╭─ Material for this exercise

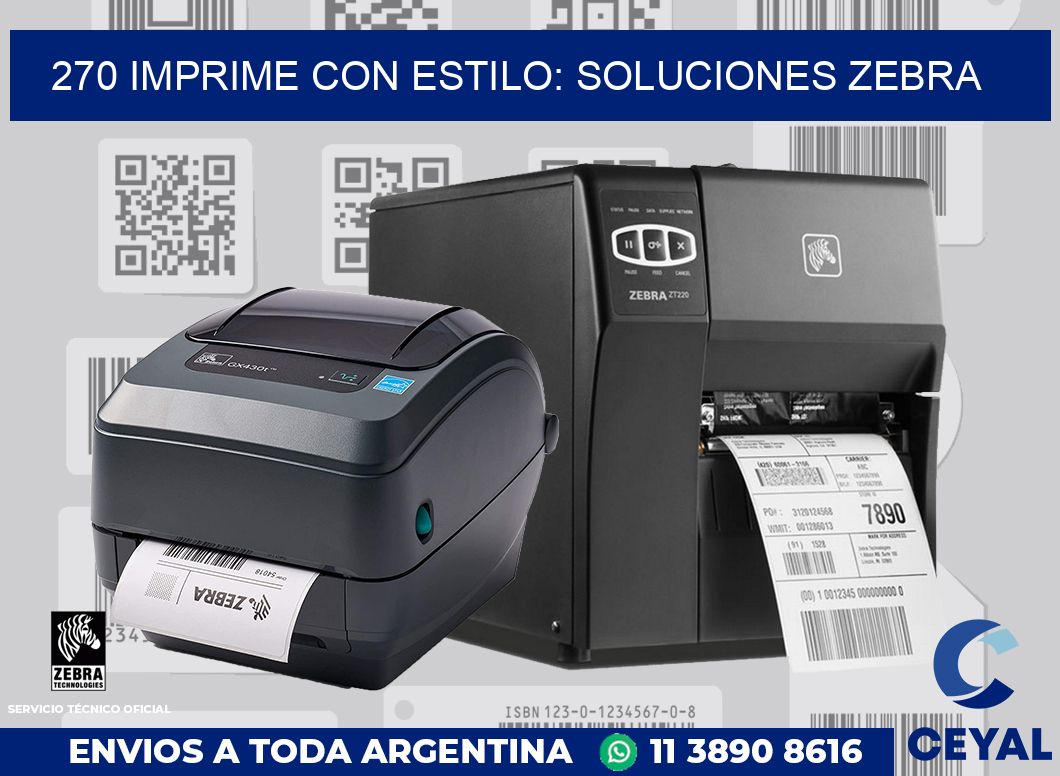 270 IMPRIME CON ESTILO: SOLUCIONES ZEBRA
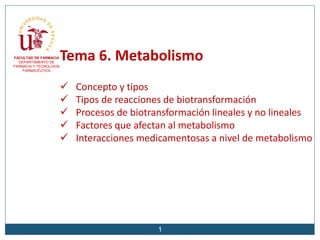 Tema 6. Metabolismo
 Concepto y tipos
 Tipos de reacciones de biotransformación
 Procesos de biotransformación lineales y no lineales
 Factores que afectan al metabolismo
 Interacciones medicamentosas a nivel de metabolismo
FACULTAD DE FARMACIA
DEPARTAMENTO DE
FARMACIA Y TECNOLOGÍA
FARMACÉUTICA
1
 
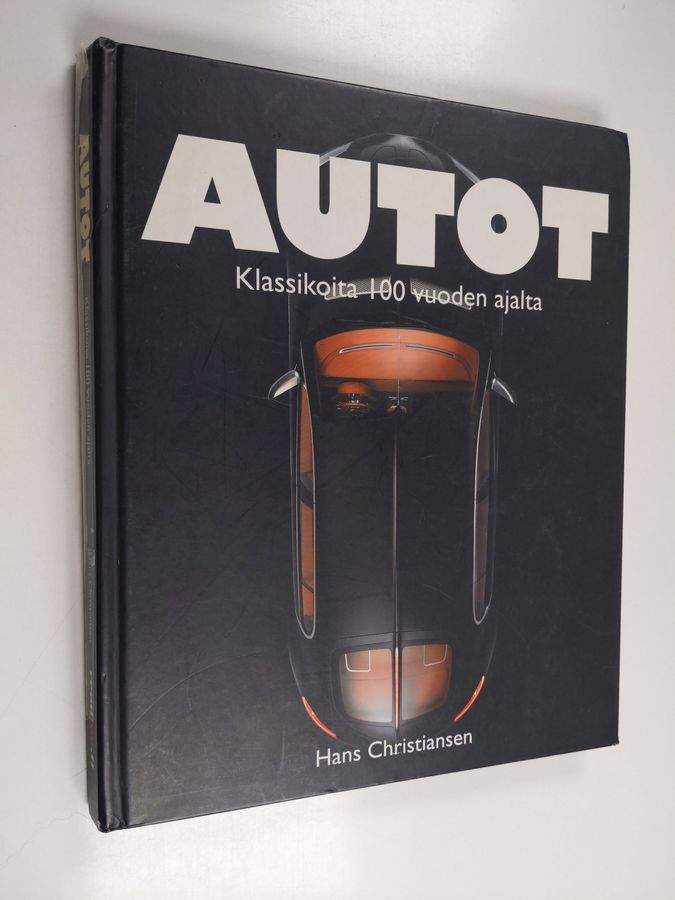 Hans Christiansen : Autot : klassikoita 100 vuoden ajalta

╰─

## Goal of the exercise
The response must restate exactly the lines from the one containing "y no lineales" through the end of the records above and must leave out all pictures.

## Completed exercise
 Procesos de biotransformación lineales y no lineales
 Factores que afectan al metabolismo
 Interacciones medicamentosas a nivel de metabolismo
FACULTAD DE FARMACIA
DEPARTAMENTO DE
FARMACIA Y TECNOLOGÍA
FARMACÉUTICA
1
 
 Hans Christiansen : Autot : klassikoita 100 vuoden ajalta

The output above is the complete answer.